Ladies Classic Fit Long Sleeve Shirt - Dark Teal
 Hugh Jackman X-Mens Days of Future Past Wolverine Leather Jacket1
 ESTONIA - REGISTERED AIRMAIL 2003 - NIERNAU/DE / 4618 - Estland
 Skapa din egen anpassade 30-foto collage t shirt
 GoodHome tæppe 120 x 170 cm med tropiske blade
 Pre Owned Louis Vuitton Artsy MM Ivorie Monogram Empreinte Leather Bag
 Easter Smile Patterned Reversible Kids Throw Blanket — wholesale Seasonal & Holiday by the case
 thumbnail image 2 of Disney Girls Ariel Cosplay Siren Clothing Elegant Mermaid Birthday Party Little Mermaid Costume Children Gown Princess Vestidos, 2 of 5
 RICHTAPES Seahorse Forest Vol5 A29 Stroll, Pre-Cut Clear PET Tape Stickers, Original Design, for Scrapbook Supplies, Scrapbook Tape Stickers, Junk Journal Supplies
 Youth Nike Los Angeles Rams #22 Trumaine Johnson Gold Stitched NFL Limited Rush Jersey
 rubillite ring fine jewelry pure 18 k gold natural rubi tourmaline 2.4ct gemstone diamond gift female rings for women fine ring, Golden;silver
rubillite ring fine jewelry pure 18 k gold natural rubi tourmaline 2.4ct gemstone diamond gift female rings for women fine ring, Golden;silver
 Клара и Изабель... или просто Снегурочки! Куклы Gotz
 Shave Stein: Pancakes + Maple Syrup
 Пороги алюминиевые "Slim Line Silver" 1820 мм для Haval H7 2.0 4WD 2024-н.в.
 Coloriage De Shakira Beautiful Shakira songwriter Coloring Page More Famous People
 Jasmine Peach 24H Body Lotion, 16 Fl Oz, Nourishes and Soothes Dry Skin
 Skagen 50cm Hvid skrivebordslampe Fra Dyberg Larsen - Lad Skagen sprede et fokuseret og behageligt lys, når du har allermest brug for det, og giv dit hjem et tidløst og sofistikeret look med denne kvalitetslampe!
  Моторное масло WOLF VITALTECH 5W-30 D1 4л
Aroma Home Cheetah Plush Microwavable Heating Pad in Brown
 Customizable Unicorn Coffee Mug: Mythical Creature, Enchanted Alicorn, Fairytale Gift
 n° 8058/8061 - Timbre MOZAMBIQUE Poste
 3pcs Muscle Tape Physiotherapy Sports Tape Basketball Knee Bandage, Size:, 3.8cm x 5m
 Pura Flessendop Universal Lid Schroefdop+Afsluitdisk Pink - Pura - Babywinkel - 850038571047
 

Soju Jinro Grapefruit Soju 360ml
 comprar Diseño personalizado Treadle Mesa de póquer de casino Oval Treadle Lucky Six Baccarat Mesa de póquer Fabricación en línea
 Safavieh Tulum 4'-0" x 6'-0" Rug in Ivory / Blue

Aim of the task:
For each record above, give it again without a single change.

Response:
Ladies Classic Fit Long Sleeve Shirt - Dark Teal
 Hugh Jackman X-Mens Days of Future Past Wolverine Leather Jacket1
 ESTONIA - REGISTERED AIRMAIL 2003 - NIERNAU/DE / 4618 - Estland
 Skapa din egen anpassade 30-foto collage t shirt
 GoodHome tæppe 120 x 170 cm med tropiske blade
 Pre Owned Louis Vuitton Artsy MM Ivorie Monogram Empreinte Leather Bag
 Easter Smile Patterned Reversible Kids Throw Blanket — wholesale Seasonal & Holiday by the case
 thumbnail image 2 of Disney Girls Ariel Cosplay Siren Clothing Elegant Mermaid Birthday Party Little Mermaid Costume Children Gown Princess Vestidos, 2 of 5
 RICHTAPES Seahorse Forest Vol5 A29 Stroll, Pre-Cut Clear PET Tape Stickers, Original Design, for Scrapbook Supplies, Scrapbook Tape Stickers, Junk Journal Supplies
 Youth Nike Los Angeles Rams #22 Trumaine Johnson Gold Stitched NFL Limited Rush Jersey
 rubillite ring fine jewelry pure 18 k gold natural rubi tourmaline 2.4ct gemstone diamond gift female rings for women fine ring, Golden;silver
rubillite ring fine jewelry pure 18 k gold natural rubi tourmaline 2.4ct gemstone diamond gift female rings for women fine ring, Golden;silver
 Клара и Изабель... или просто Снегурочки! Куклы Gotz
 Shave Stein: Pancakes + Maple Syrup
 Пороги алюминиевые "Slim Line Silver" 1820 мм для Haval H7 2.0 4WD 2024-н.в.
 Coloriage De Shakira Beautiful Shakira songwriter Coloring Page More Famous People
 Jasmine Peach 24H Body Lotion, 16 Fl Oz, Nourishes and Soothes Dry Skin
 Skagen 50cm Hvid skrivebordslampe Fra Dyberg Larsen - Lad Skagen sprede et fokuseret og behageligt lys, når du har allermest brug for det, og giv dit hjem et tidløst og sofistikeret look med denne kvalitetslampe!
  Моторное масло WOLF VITALTECH 5W-30 D1 4л
Aroma Home Cheetah Plush Microwavable Heating Pad in Brown
 Customizable Unicorn Coffee Mug: Mythical Creature, Enchanted Alicorn, Fairytale Gift
 n° 8058/8061 - Timbre MOZAMBIQUE Poste
 3pcs Muscle Tape Physiotherapy Sports Tape Basketball Knee Bandage, Size:, 3.8cm x 5m
 Pura Flessendop Universal Lid Schroefdop+Afsluitdisk Pink - Pura - Babywinkel - 850038571047
 

Soju Jinro Grapefruit Soju 360ml
 comprar Diseño personalizado Treadle Mesa de póquer de casino Oval Treadle Lucky Six Baccarat Mesa de póquer Fabricación en línea
 Safavieh Tulum 4'-0" x 6'-0" Rug in Ivory / Blue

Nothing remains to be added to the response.